In the past decade, more and more GOP-controlled states have passed restrictive laws to keep minorities, people in poverty, and women from casting their votes with the hopes that this will increase the number of Republican elected officials. With the 2010 election of Gov. Scott Walker and a GOP legislature, Wisconsin, a progressive leader in the nation during the 20th century, passed laws mandating voter IDs, cutting early voting from 30 days to twelve, eliminating night and weekend voting, banning straight-ticket voting, tightening residency requirements, and increasing difficulties in voter registration and absentee voting. The non-partisan agency to oversee state elections and educate the public about voter-ID laws is gone. Wisconsin is an example of how the abolishment of freedom to vote in the nation’s red states makes them redder.

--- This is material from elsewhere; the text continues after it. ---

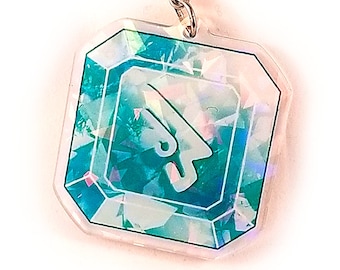 MCH Machinist Final Fantasy XIV Soul Crystal Holographic - 2in Keychain Charm Double Sided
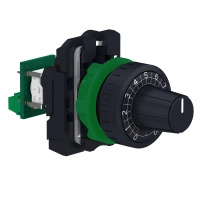 SCHNEIDER ELECTRIC Complete potentiometer, plastic, 22mm, 100K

In contrast, neighboring Minnesota, with highly similar geography, demographics, and cultural history, went in the opposite direction. Its residents elected Democrat Mark Dayton as governor in 2010 and a Democratic legislature two years later. The state raised taxes on the wealthy, invested in public education, expanded health care, and boosted unions as Wisconsin followed the opposite path toward Alabama and Mississippi status. Minnesota now has faster job growth, higher wages, lower unemployment—and the freedom to vote. Despite a beginning popularity for voter ID, the population defeated this ballot initiative in 2012 with 54 percent of the electorate and changed its caucus system to the more inclusive presidential primary.

The craziness with voter IDs was launched after the Supreme Court declared them constitutional in 2008. Liberal Justice John Paul Stevens, now retired, wrote the majority opinion but now calls it a “fairly unfortunately decision.” In a discussion with Justice Elena Kagan, he talked about whether judges should base their decisions on the information provided them or add research they conduct on their own. Judge Richard Posner, who wrote the 7th Circuit Court opinion based on the idea that voter IDs will not negatively impact minorities and poor people also now says that the decision was wrong and that the photo-ID requirement is “now widely regarded as a means of voter suppression rather than of fraud prevention.”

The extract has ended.